The liberal groups seeking to terminate all federal contracts with MCI would scream bloody murder if someone proposed discriminating against applicants for federal jobs who have gone through personal bankruptcy. Moreover, there is no precedent for the manipulation of federal contracts to interfere with court-sanctioned reorganization, and override the choice of the company that is the lowest bidder and most qualified for federal contracts.

Finally, ending MCI's government contracts, which the company continues to faithfully perform, will devastate innocent employees and shareholders, who have already suffered enormously. The unions' true motivation in making this demand is that MCI's employees, unlike many of their competitors, are not unionized. These competitors would otherwise be awarded the $2 billion in government contracts that now go to MCI.

Contrast this attempt to manipulate federal contracts to hinder a company from successfully reorganizing with the current federal bailout of the airlines, and the historic federal bailout of Chrysler. Unlike these companies, MCI is not seeking federal hand-outs, but simply wishes to continue competing for federal contracts on the same level playing field as all other companies. While taxpayer-funded corporate bailouts are properly controversial, equal treatment should not be.

This assault on MCI is symptomatic of liberals' tendency to make unwarranted distinctions between individuals and corporations, which are simply collections of individuals. Even if the personal bankruptcy reform bill passes, expunging debts would remain far easier for individuals than corporations. Corporations must gain the approval of creditors to avoid complete liquidation, the corporate equivalent of now-abolished debtors' prisons.
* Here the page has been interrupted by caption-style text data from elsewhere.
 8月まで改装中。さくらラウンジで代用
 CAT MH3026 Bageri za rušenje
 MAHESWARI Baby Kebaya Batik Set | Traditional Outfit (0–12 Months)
Whatever the failings of individuals or corporations that lead to bankruptcy, there are almost always victims on both sides: the debtor's family or corporate shareholders and employees on one hand and creditors on the other. Thus, good bankruptcy law for both individuals and corporations promotes a return to solvency, protects creditors, and avoids creating undue incentives for declaring bankruptcy.

Rather than exact moral retribution, modern law seeks to achieve the best practical outcome for all involved. Historically, liberals deserve praise for bringing us to a point where debtors are no longer pilloried, but this is exactly why their attempt to punish MCI's employees and shareholders is ideologically bankrupt.
Charles Ganske is a Fellow at the Austin, TX-based American Freedom Center.